● Exercise
Begin at the line containing "CHOFOTUE Yoga Uniform" in the data below and go on through the line containing "New Build - low-bungalow - Calpe", repeating each line exactly; include both ends and no other line.

● Dataset extract
......

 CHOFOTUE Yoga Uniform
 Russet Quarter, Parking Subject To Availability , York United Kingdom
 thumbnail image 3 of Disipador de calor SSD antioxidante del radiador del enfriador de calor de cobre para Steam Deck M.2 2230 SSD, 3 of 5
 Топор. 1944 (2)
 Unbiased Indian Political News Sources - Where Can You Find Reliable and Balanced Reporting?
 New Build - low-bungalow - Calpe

......

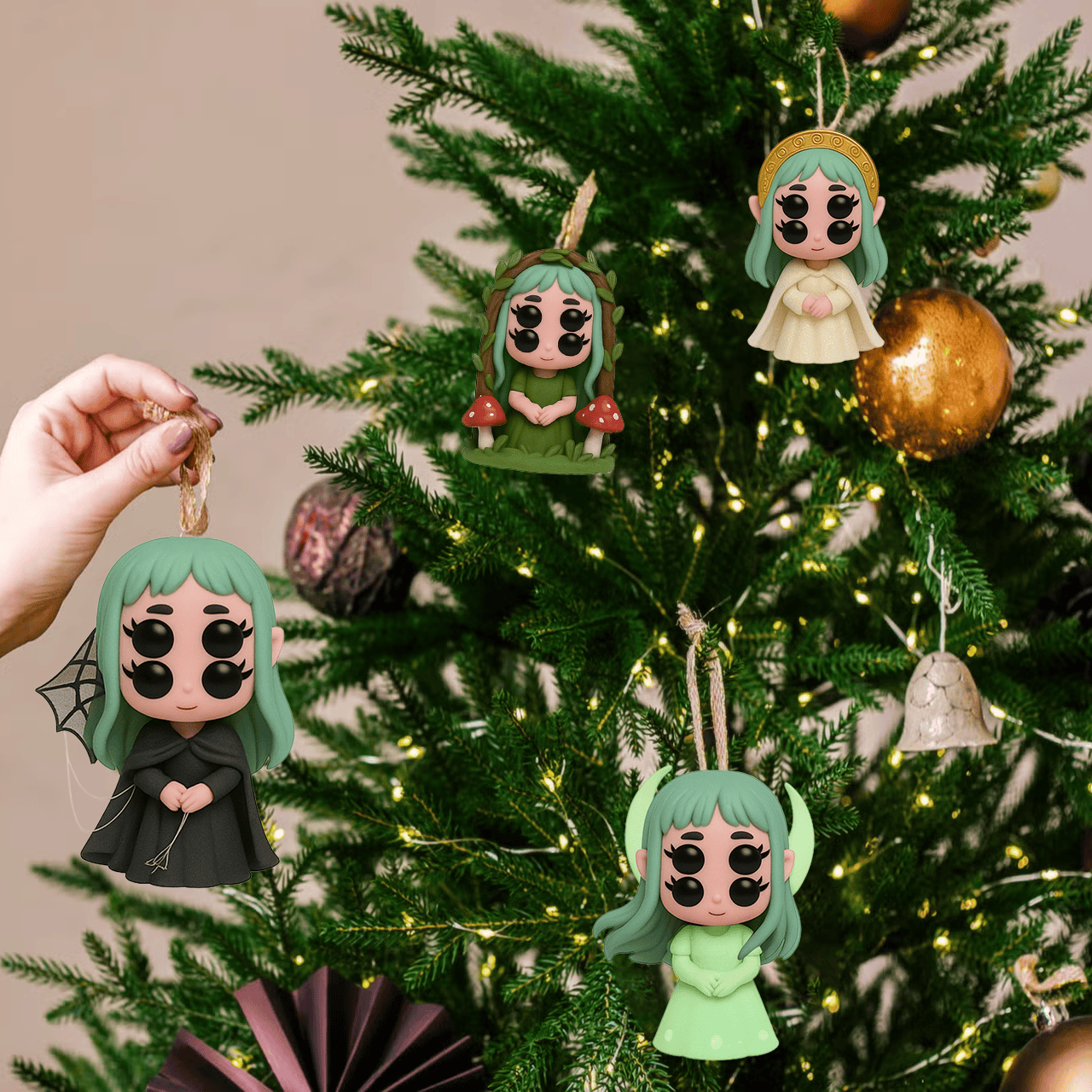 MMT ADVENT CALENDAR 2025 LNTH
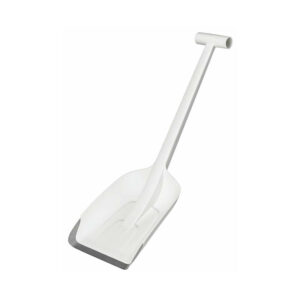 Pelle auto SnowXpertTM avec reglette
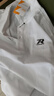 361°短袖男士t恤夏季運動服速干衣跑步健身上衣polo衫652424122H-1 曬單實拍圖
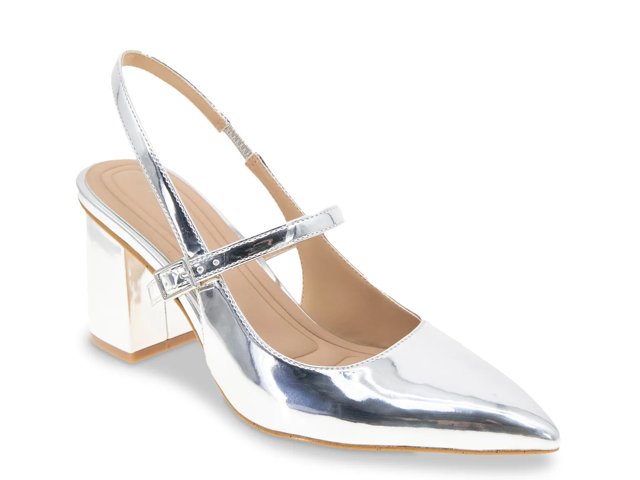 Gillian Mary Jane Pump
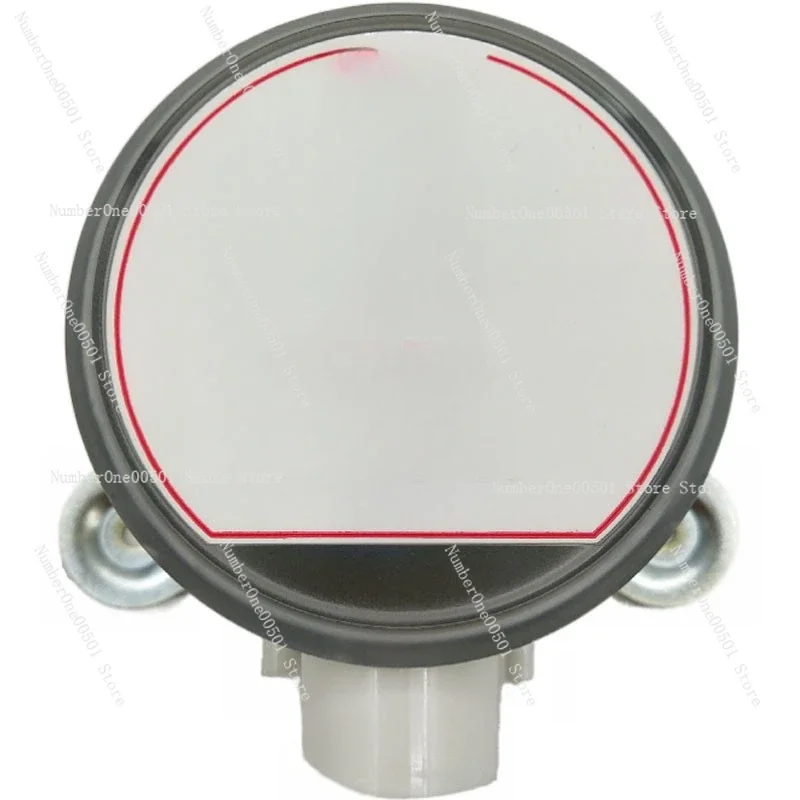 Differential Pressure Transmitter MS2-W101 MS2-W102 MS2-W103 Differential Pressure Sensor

......

● Solution for this task
 CHOFOTUE Yoga Uniform
 Russet Quarter, Parking Subject To Availability , York United Kingdom
 thumbnail image 3 of Disipador de calor SSD antioxidante del radiador del enfriador de calor de cobre para Steam Deck M.2 2230 SSD, 3 of 5
 Топор. 1944 (2)
 Unbiased Indian Political News Sources - Where Can You Find Reliable and Balanced Reporting?
 New Build - low-bungalow - Calpe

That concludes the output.